Journal of Archaeology in the Low Countries 2-2 (November 2010)Lucas Meurkens: The late medieval/Early Modern reuse of prehistoric barrows as execution sites in the southern part of the Netherlands
5 The afterlife of prehistoric barrows in the medieval Low Countries

5.3 Barrows as sites marking boundaries and boundaries as execution sites

In spite of the negative connotations that prevailed from the High Middle Ages onwards, the barrows in the wastelands remained important landmarks. This is evident from the fact that they were used rationally to mark the boundaries of territories. An early reference to barrows as such boundary markers dating from around the year 780 is known from a charter describing the estates of Fulda Abbey (Germany), which refers to antiqua sepulchra. Other German sources refer to alte Gräber (ancient burials), Hünengräbern (megalithic tombs[5]) and Heidengräbern (heathen burials) in boundary charters (Sippel 1980, 139).
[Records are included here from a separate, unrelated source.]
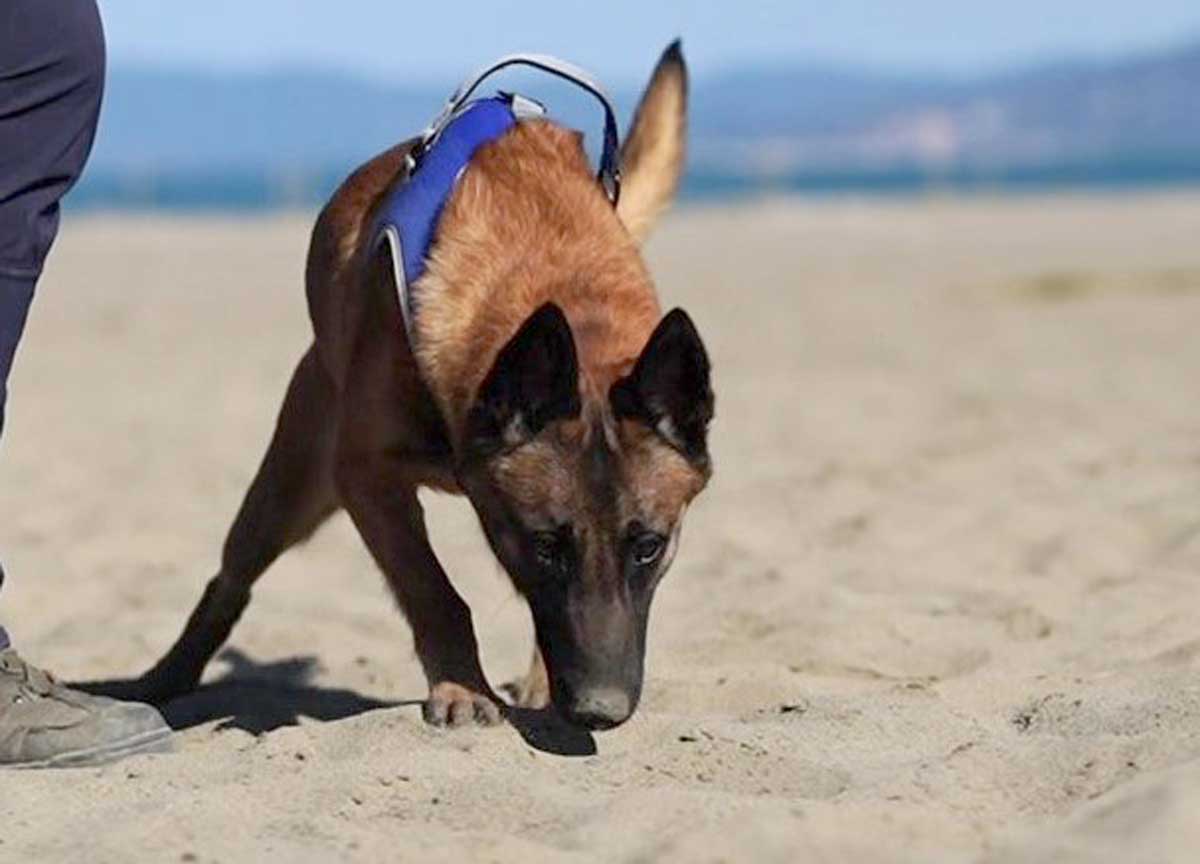 Operazione salva tartarughe: ecco i cani che scoveranno i cuccioli di caretta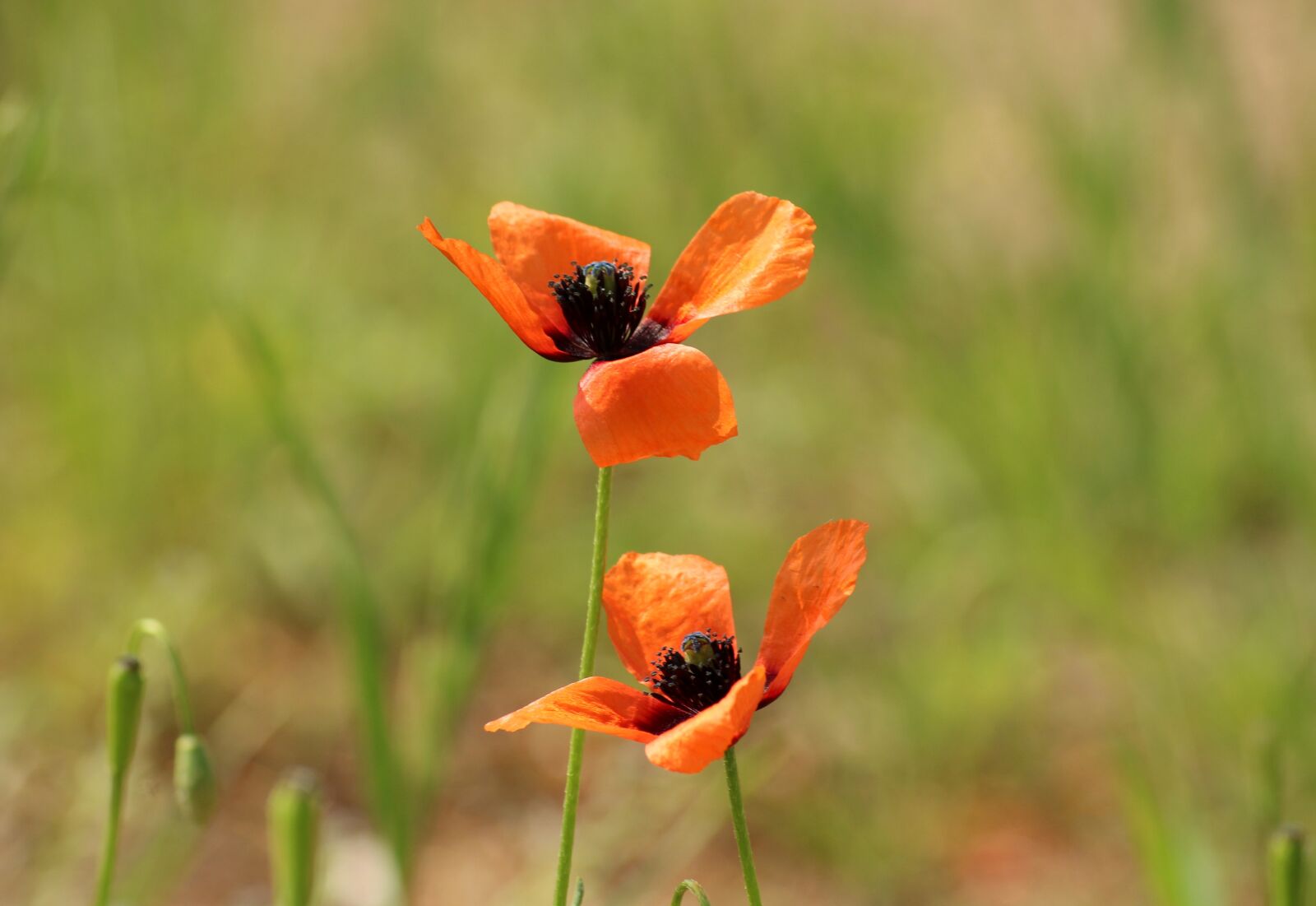 Canon EOS 1200D (EOS Rebel T5 / EOS Kiss X70 / EOS Hi) sample photo. Poppies, poppy flower, wildflowers photography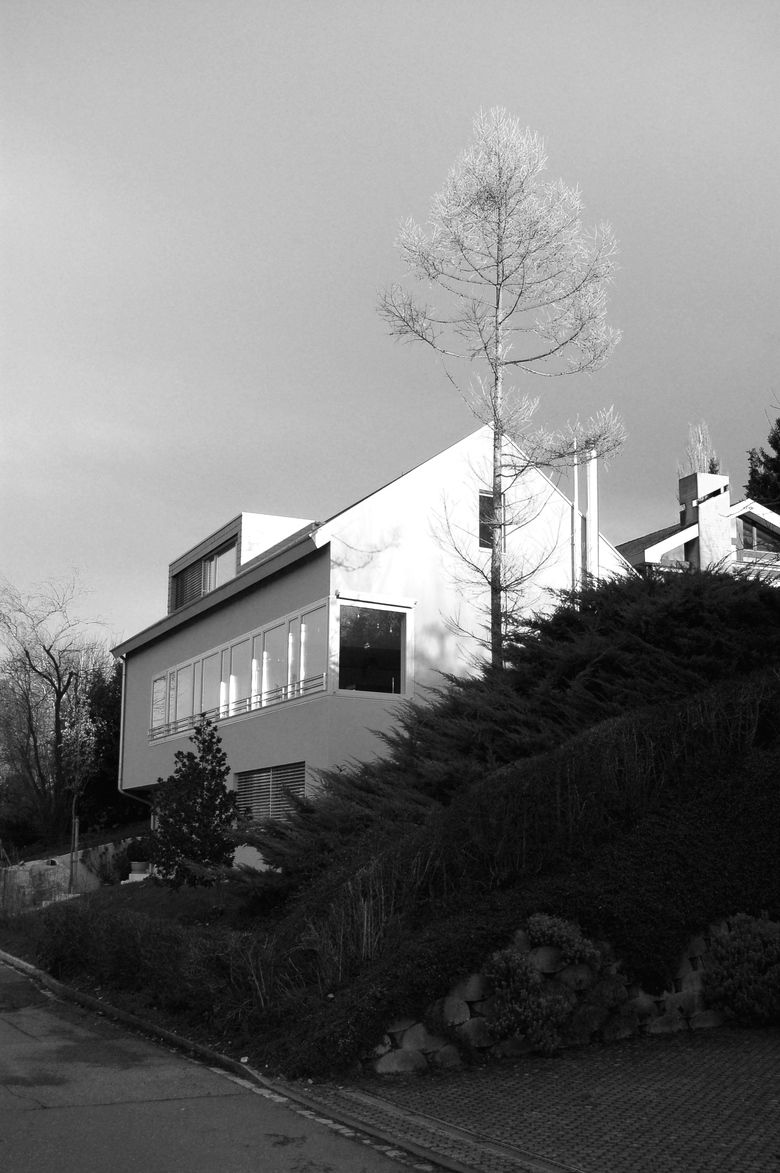 neubau-einfamilienhaus-st-arbogaststrasse-abt-architekten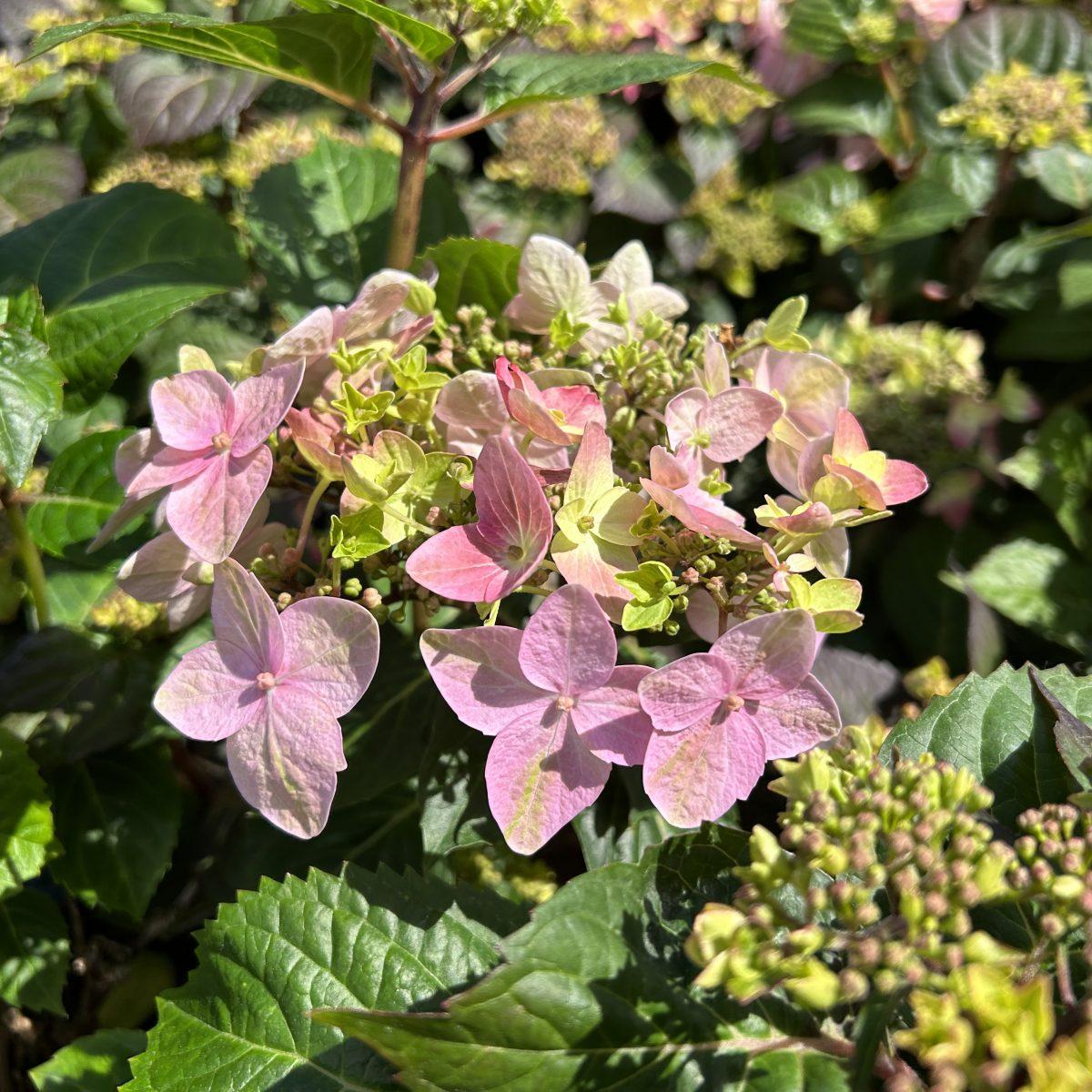 Hydrangea Macrophylla Pop Star - View 8 from www redcrocus com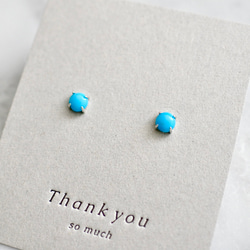 スリーピングビューティーターコイズピアス のおすすめ人気通販 検索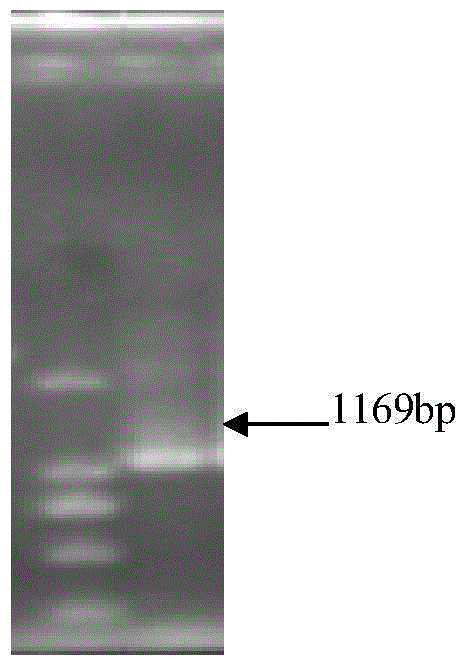 Acyrthosiphon pisim CYP6A13 promoter and activity analysis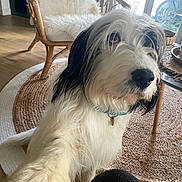 Neiko participe au concours pour gagner de l'argent avec cette photo : black, chair, closeup, collar, curtains, decor, dog, fur, furniture, glass, indoor, living_room, natural_light, paw, pet, rug, table, white, window, wooden_floor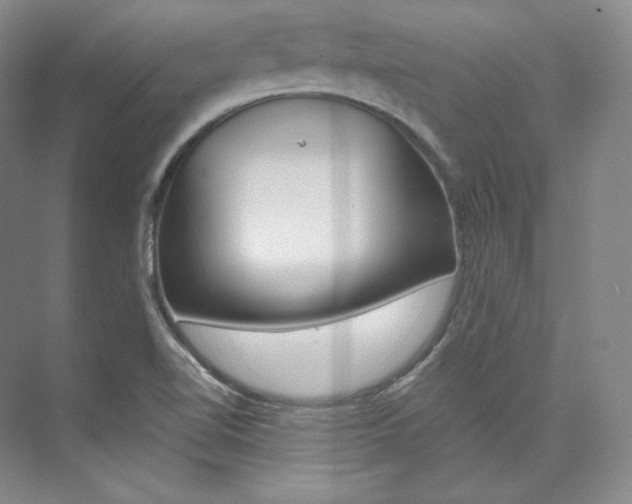 X0000073901510200608110922
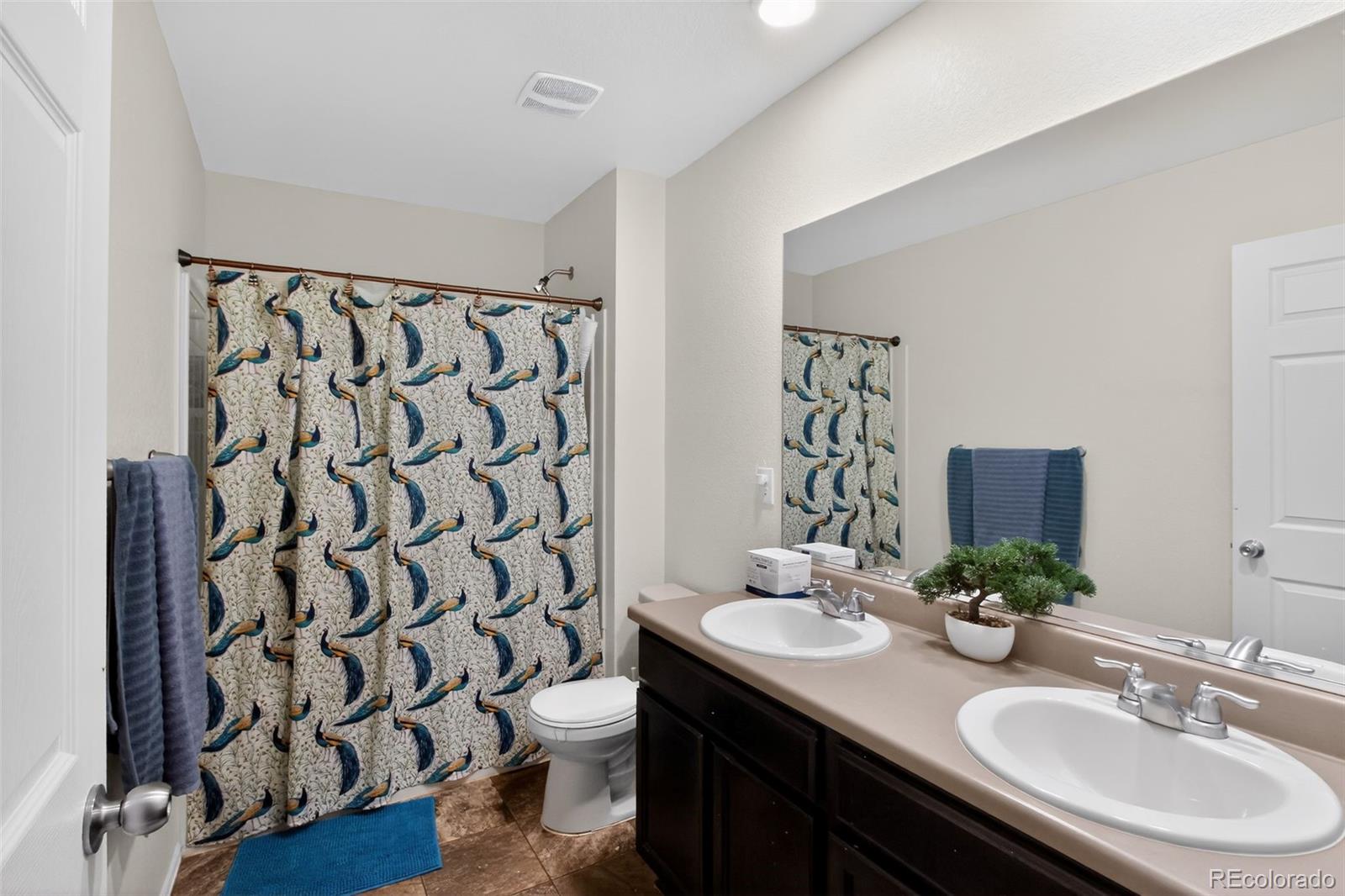 MLS Image #22 for 1081  brio street,lochbuie, Colorado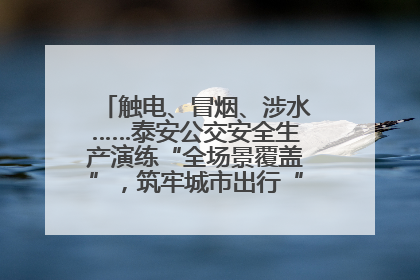 触电、冒烟、涉水……泰安公交安全生产演练“全场景覆盖”，筑牢城市出行“安全生命线”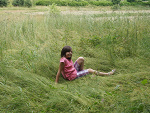 Fotoblog trelemorele4271
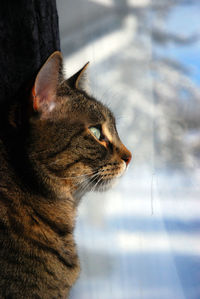 Close-up of cat against sky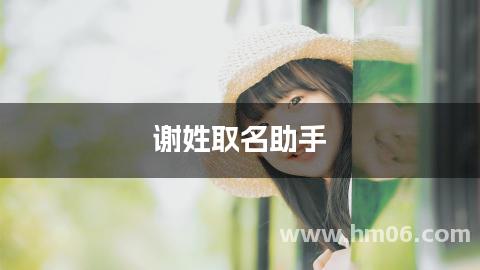 谢姓取名助手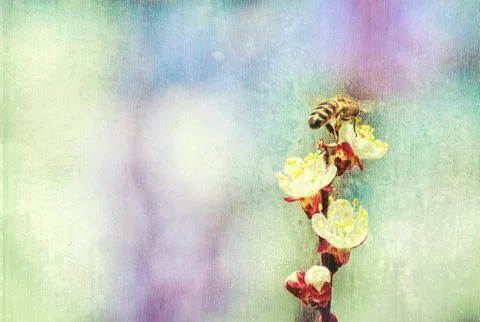 Textured old paper background, bee collects honey on a flower Foto stock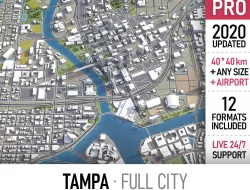 Tampa Low-poly 3D model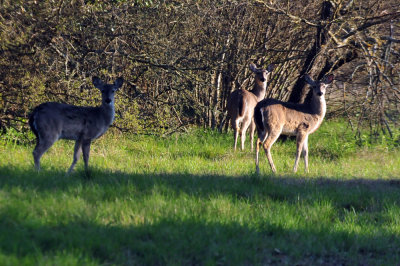 319neals_045deer.jpg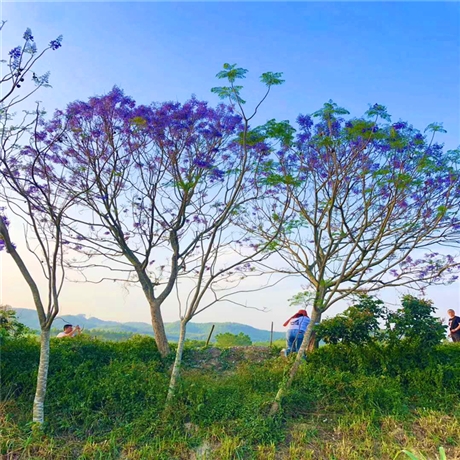 基地直供蓝花楹福建蓝花楹产地直供蓝花楹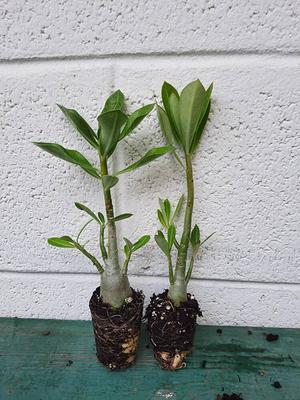 Bundle of 5 Adenium Obesum/Desert Rose Plants.2-4 inch Height. . Fast Shipping Time. Grown in The USA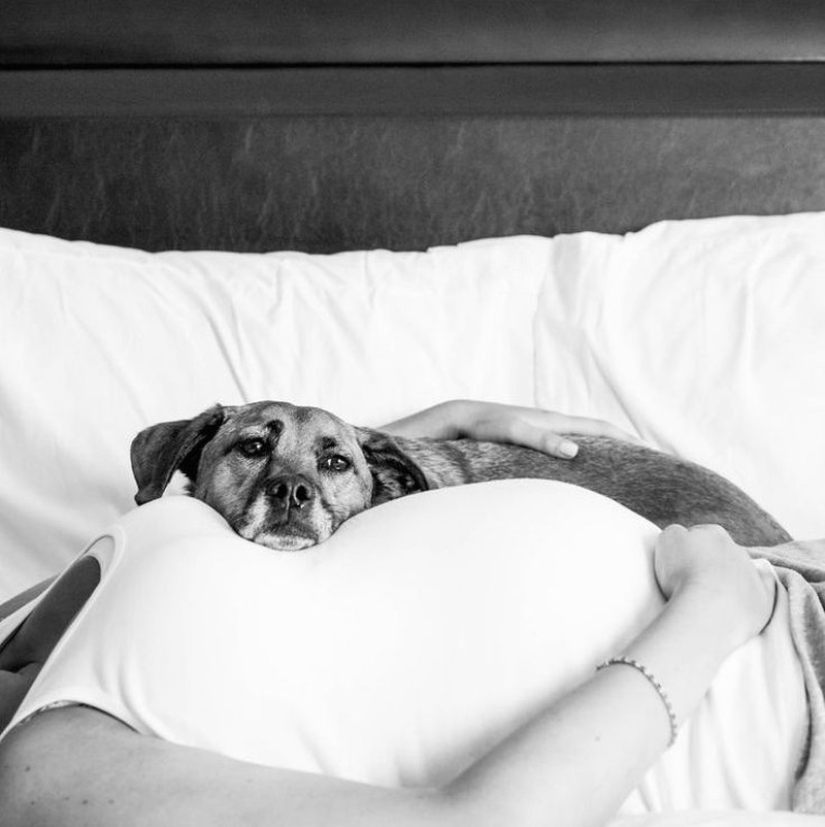 19 perros que realmente esperan tener bebés 19 perros que realmente esperan tener bebés
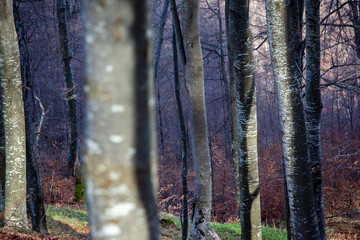 Pure nature in Romania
A comparable relationship between boundaries, (burial) mounds and gallows/execution sites has also been observed in the northern part of the Netherlands (Luning & Van der Sanden 2010). As far as the southern part of the country is concerned, in addition to the archaeological examples discussed in the present article we also know of various chronicles and other official documents revealing this relationship between burial mounds, execution sites and boundaries. There is for example a document from 1420 defining the boundaries between Vierlingsbeek and Sambeek into the Peel region. This document tells us that one boundary runs from a pit near a farm called “ten Henegot” to the mound (a barrow?), where old father Morren was hanged.[6]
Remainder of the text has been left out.